Akaka's stance on Alaskan refuge drilling is misguided
Sen. Dan Akaka and Rep. Ed Case have opposing views about opening the Arctic National Wildlife Refuge to oil drilling.
SEN. Dan Akaka portrays Rep. Ed Case as a Republican in Democratic clothing, but on one important issue the two candidates are far apart in reverse roles. Case opposes drilling for oil in the Arctic National Wildlife Refuge, while Akaka is in favor of drilling, claiming to act at the behest of "the indigenous people of Alaska." His rationale is unacceptable and displays a misunderstanding of those native peoples.

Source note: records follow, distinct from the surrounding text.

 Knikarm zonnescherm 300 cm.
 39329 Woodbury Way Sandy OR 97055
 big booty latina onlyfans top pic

Akaka joined Sen. Dan Inouye, Republicans and only one other Democrat last November in voting for a bill that would allow drilling in the precious Alaskan refuge. The vote was 51-48. Their votes were not surprising, as the two senators had abandoned their party on this issue on previous occasions. Further congressional action is required to formally open the area for drilling.
Akaka told of having met members of the Inupiat tribe who "are kindred spirits with Hawaiians," sharing "a strong and sacred bond to their lands and waters." In a 2001 op-ed column on these pages, he described them as "subsistence hunters who depend on the land," deriving 60 percent of their diet from "caribou, marine mammals, fish and waterfowl."

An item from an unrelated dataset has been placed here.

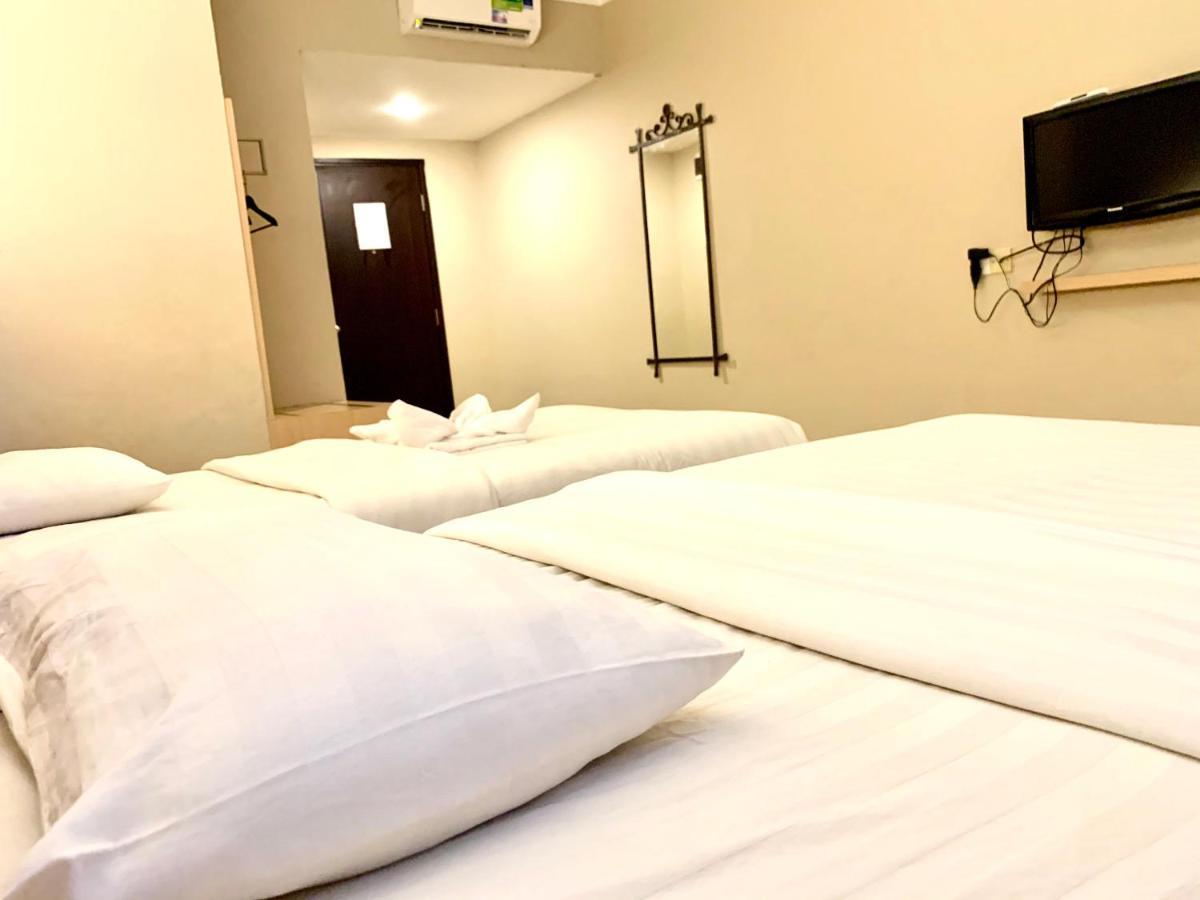 Sky View Hotel Managed By Os Batam Eksteriør billede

The emphasis should have been on marine mammals, which is why Inupiat tribal leaders are opposed to offshore drilling, regarded as a threat to their whaling. In a 2002 op-ed column in the Star-Bulletin, Charles Pe'ape'a Makawulu Burrows, president of Ahahui Malama i ka Lokahi, a Hawaiian environmental group, wrote that only 10 percent of their food resources are migratory caribou.
Akaka says he focused on the Inupiat because they live within the refuge. However, another tribe, the Gwich'in, located inland in villages near the southern boundary of the refuge, depend heavily on the Porcupine River caribou herd for their subsistence.
The Gwich'in, which means "people of the land," watch pregnant cows and later bulls and yearlings as they begin migrating north every spring to the refuge's coastal plain, a birthplace they consider sacred. "Today, as in the days of their ancestors, the caribou is still vital for food, clothing, tools, and are a source of respect and spiritual guidance for the Gwich'in," according to the tribe's steering committee.
The 129,000 caribou spend their summers on the 1.5-million-acre area of the refuge that has been set aside for oil exploration and potential development. The refuge is home to 45 species of land and marine mammals, including polar bears, grizzly, black bears and musk oxen.
In a letter to the Star-Bulletin after last year's Senate vote, Robert Thompson, an Inupiat who lives in the northern coastal village of Kaktovik and opposes the drilling, wrote that Akaka had been invited to meet and speak to the Gwich'in but had not done so.